After all, the state has no place in the bedrooms of this nation. Still, sometimes things can be taken too far, as they were by a gentleman named Edward Arthur Wilson in the 1920s. Since his own name was boring, he took to calling himself Brother XII (“Twelve”, not “Xeeee”). He started a commune on Vancouver Island and took money from his followers, while having sex with a variety of women because come on, what other reasons are there for leading a cult? He also claimed to be a reincarnation of Osiris. Eventually his followers got fed up with him and the Province tried to stop him, but the witnesses fainted in court and the judge made animal noises, allegedly due to Brother XII’s black magic (Y’all got a better explanation?). Eventually his organization was dissolved, but some loyal followers remained. Then he got a new mistress who called herself Madame Z. She turned out to be a sadist who forced his followers to work with a whip, and finally those last few turned on him. The two cult leaders then absconded with all the money to Switzerland, and Brother XII either died there or faked his death.

Feet in the River

Since the early 2000s, no fewer than 16 human feet have been found washed up on the shores of the Salish Sea in the west coast. They belong to various ages and sexes, and only five were identified (they belonged to 4 people).

Although it isn’t unusual for feet to come off decomposing bodies naturally, there are several weird statistical anomalies that make one suspect that it doesn’t come from the…normal…number of drownings? In the first place, sixteen feet in one area, and no other body parts. Secondly, and rather creepily, all but two of them are right feet. The two that are left make a pair with some of the other right feet. Still, what happened to all those other left feet? And the bodies? Why are these feet found so close together time-wise, when the last naturally separated foot of a drowned person was found in 2014? Is it a serial killer who only awakens every hundred years?

Some numbskulls also made hoax feet, with animal bones and meat and such, for God only knows what sick reason.

Surely, things would be better without these mysterious feet…

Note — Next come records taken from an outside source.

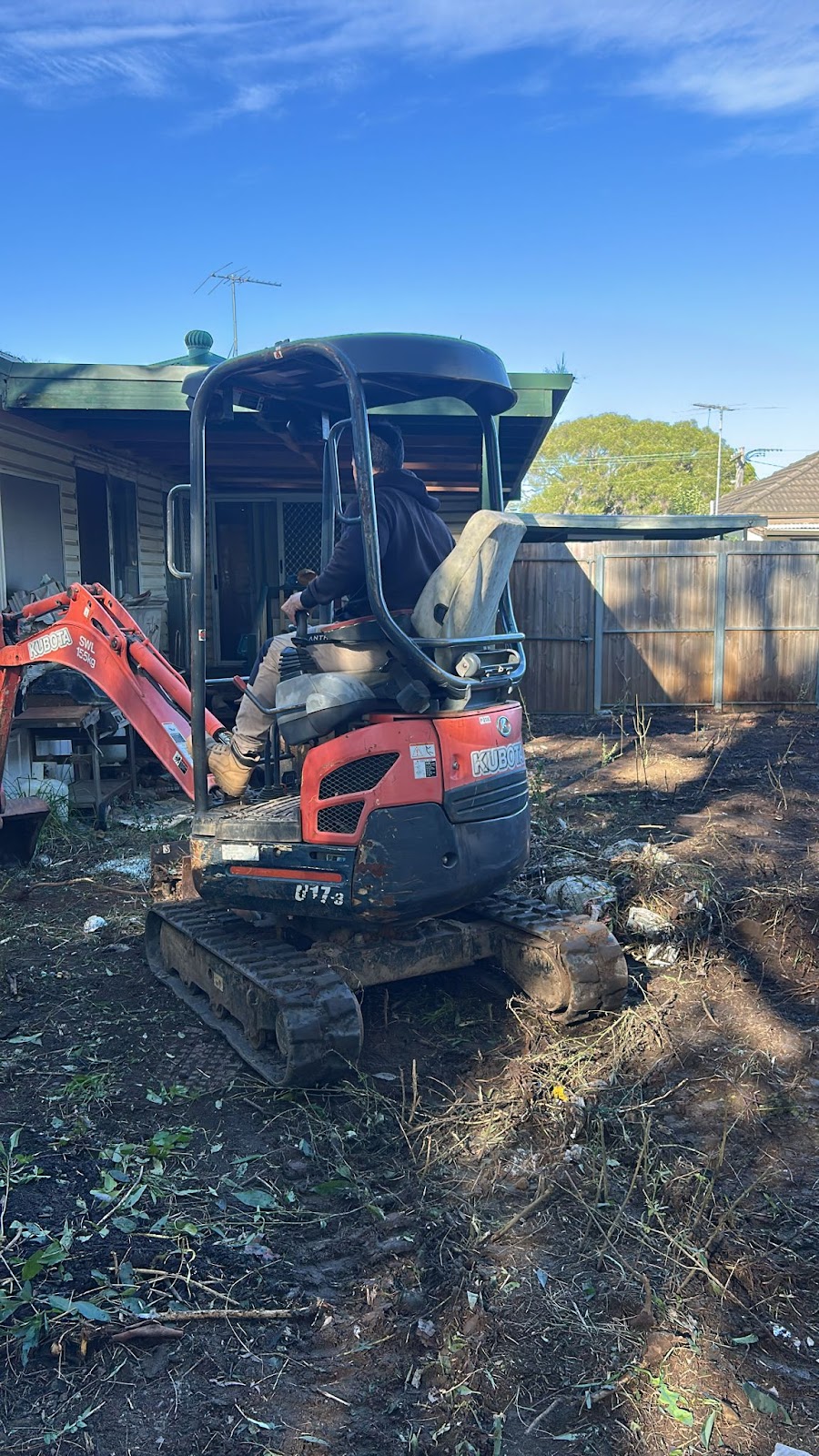 Simon’s Mowing | Gardening & Lawncare Services Horningsea Park | Cowpasture Rd, Horningsea Park NSW 2171, Australia | Phone: 0413 000 551
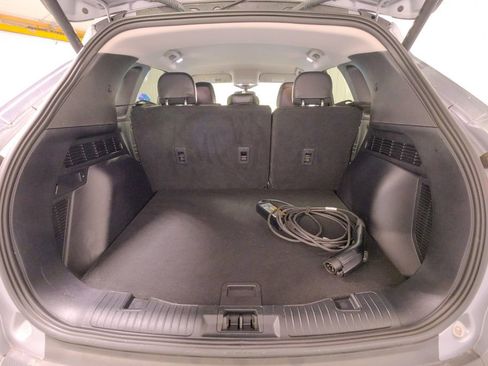 Used 2024 Ford Escape SE image 21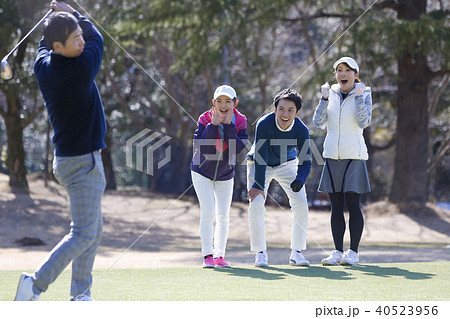 ゴルフをする男女 40523956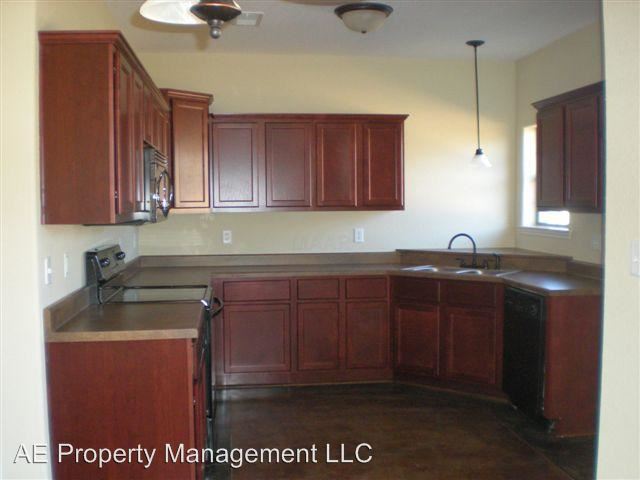Building Photo - 240 Red Cedar Cv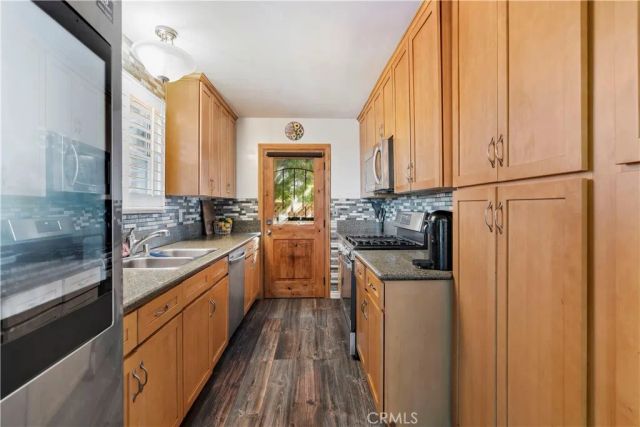 8540 Chimineas, Northridge, CA 91325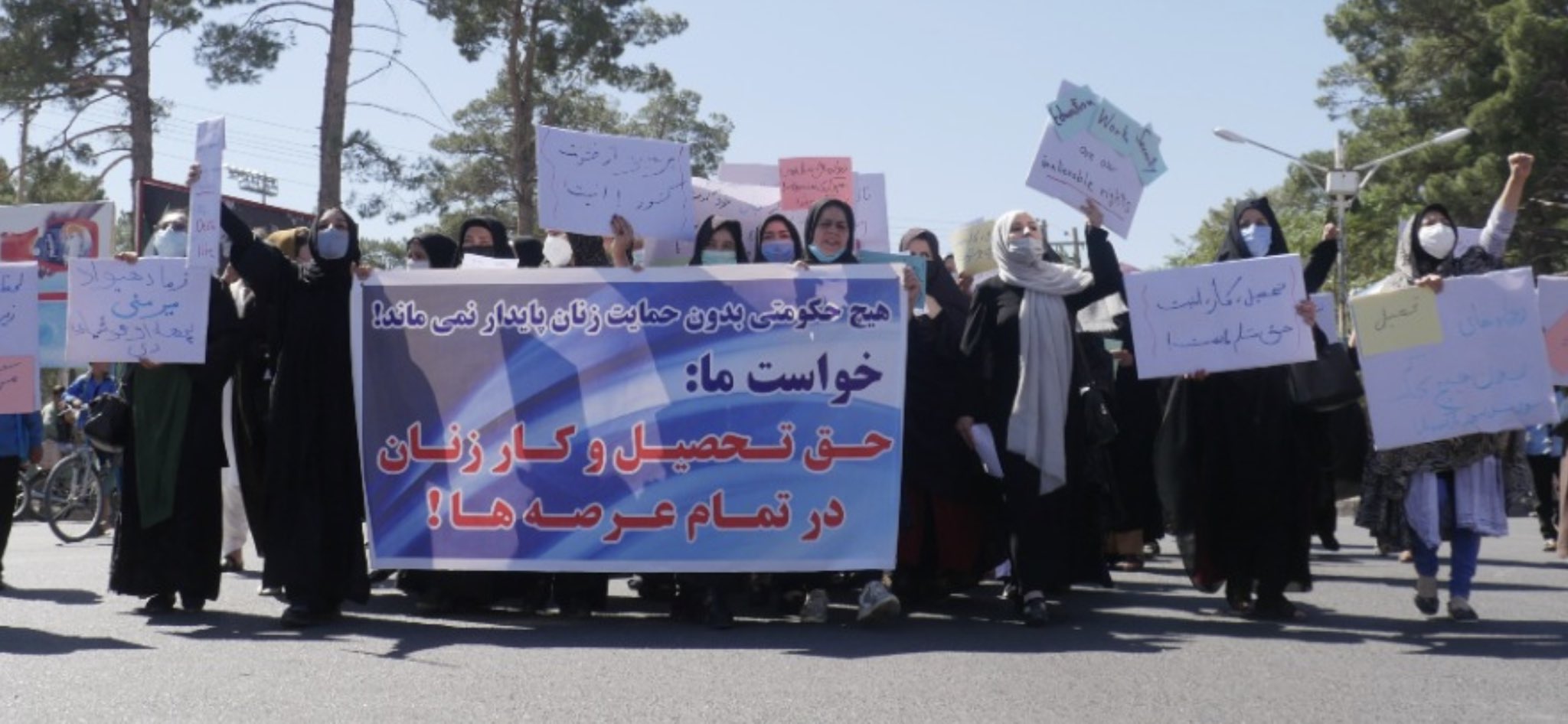 В Афганистане женщины решились выйти на акцию за свои права: фото, видео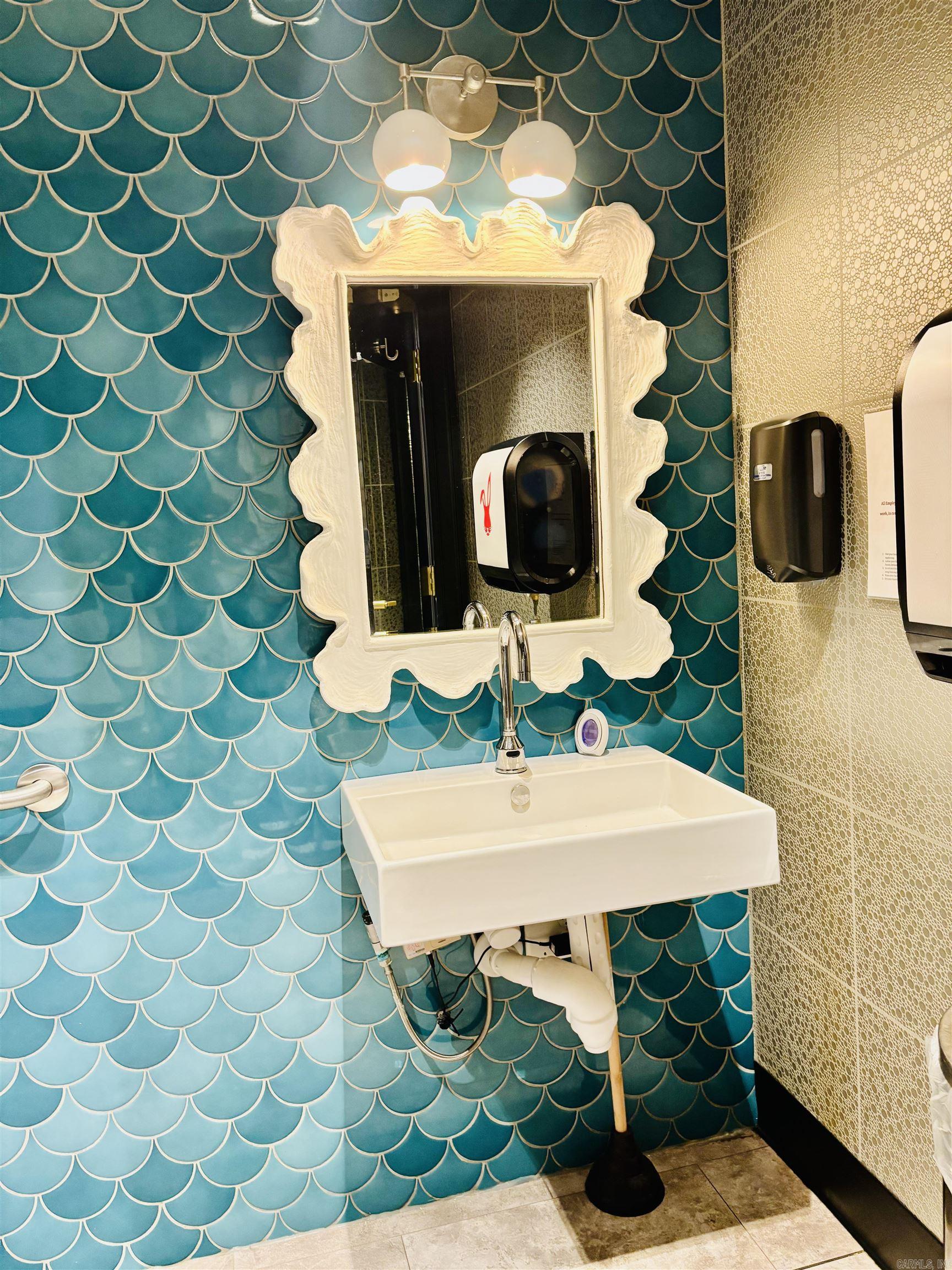 105 W Front  Lonoke, AR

Dude Without Feet, Also Without History

In 1863, a small boy in Nova Scotia discovered a strange, swarthy looking man on the beach. Both of his legs had been surgically removed, quite well by the standards of the time, and he couldn’t talk. However, he could growl, which he did at people he didn’t like. The people called him Jerome, because he did make noises that sounded like that. Eventually, the people who found him decided to hand him over to the French-Canadians, on the grounds that he “looked Catholic” which is as good an excuse as any, and the French-Canadian village nearby took care of him for the rest of his life. They also charged admission for people to come and see him, and apparently made a lot of money that way. Doesn’t everyone want to gawk at some poor guy with no legs?

There are a lot of rather wild theories about who he was and where he came from, but no one knows to this day. Some say he was royalty, but that theory doesn’t really have a leg to stand on.